Burada tebârüz ettirmek istediğimiz husus; hakkı ve hayrı tavsiye edip şerden ve bâtıldan sakındırma gayretinde bulunması gereken her mü’minin, evvelâ kendi hâlini ve istikâmetini ıslâh etmesinin lüzumudur. Davranışlarında takvâ hassâsiyeti taşımasının ve gönül âlemini ihyâ etmesinin zarûrî olduğudur.

Nitekim Hazret-i Ömer -radıyallâhu anh- da:

“Başkalarının ayıbıyla meşgul olmayı terk edene, nefsinin ayıplarını ıslah etme hâli bahşedilir.” buyurmuştur.

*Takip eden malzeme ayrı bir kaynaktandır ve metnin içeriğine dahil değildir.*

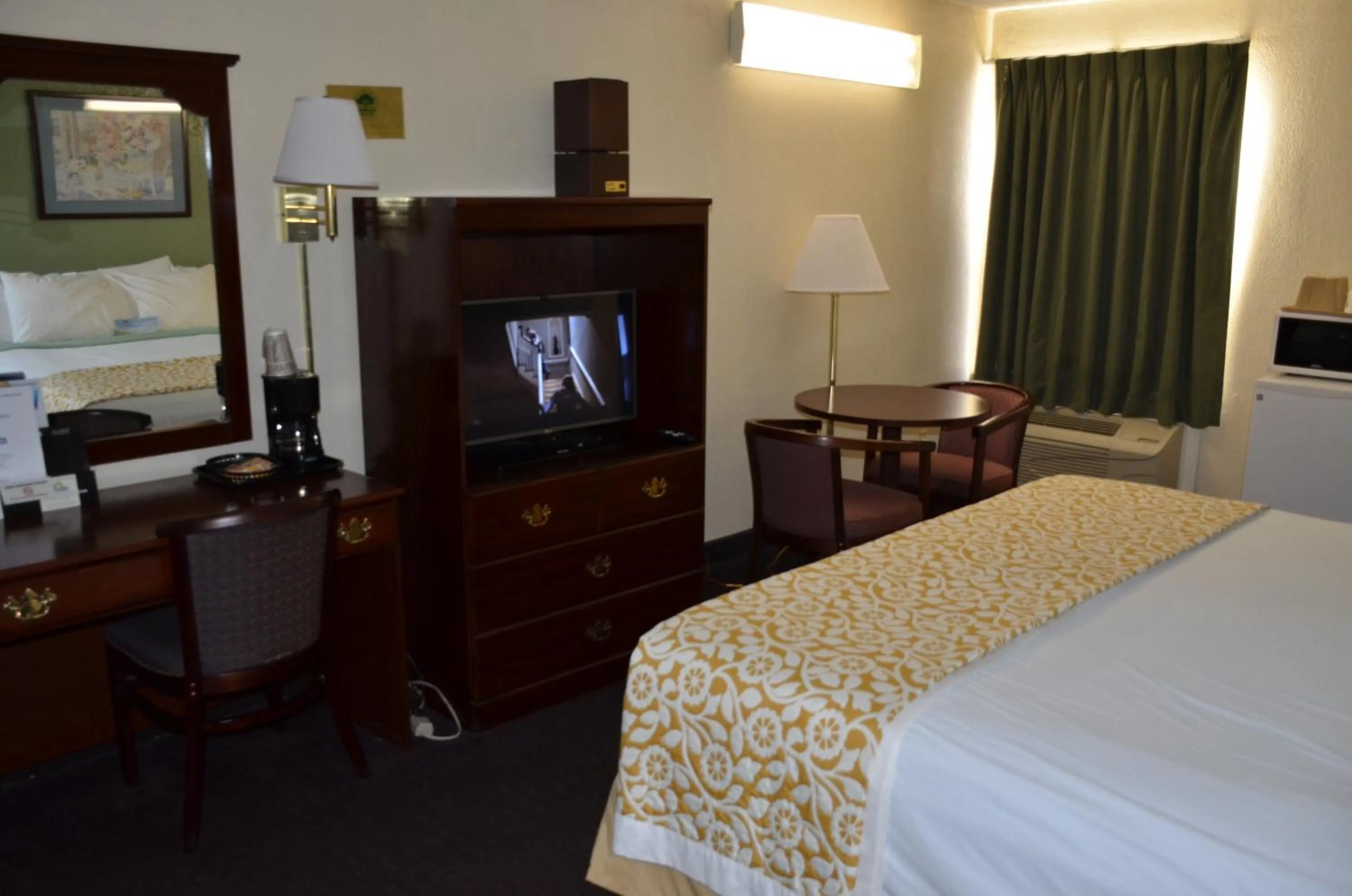 Bed in Days Inn by Wyndham Southern Hills/ORU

Kendi kalbindeki mânevî hastalıkların farkında olmayıp başkalarının kalplerini ihyâ hevesine kapılmak ise, ancak gaflet ve ahmaklığın bir göstergesidir. Tıpkı Mevlânâ Hazretleriʼnin naklettiği şu kıssada olduğu gibi:

Bir gün Hazret-i Îsâ -aleyhisselâm-’a bir kimse yol arkadaşı olur. Beraber giderlerken bu adam, bir köşede bazı kemikler görür ve Hazret-i Îsâ’ya:

“–Ne olur yâ Îsâ! Bildiğin ism-i âzam’ı bana da öğret ki, bu kemikleri diriltip kaldırayım.” diye yalvarır. Hazret-i Îsâ ise cevâben:

“–O iş senin kârın değildir. İsm-i âzam’ı okuyup ölüyü diriltmek için, yağmurlardan daha temiz bir nefes sahibi, kullukta meleklerden daha anlayışlı bir kişi olmak gerek. İsm-i âzam, (haram ve şüpheli lokmanın geçmediği; yalan, iftirâ, gıybet ve mâlâyânî sözlerin çıkmadığı) temiz bir ağız ister. (Allahʼtan uzaklaştıran her şeyden arınmış bir) kalp ister. Yani öyle bir kimse ki, nefsi haram ile kirlenmiş olmasın ve melekler gibi isyan ve günahtan pâk olsun. Çünkü bir kimsenin nefsi pâk olmadan, o kimsenin duâsı makbûl olmaz!..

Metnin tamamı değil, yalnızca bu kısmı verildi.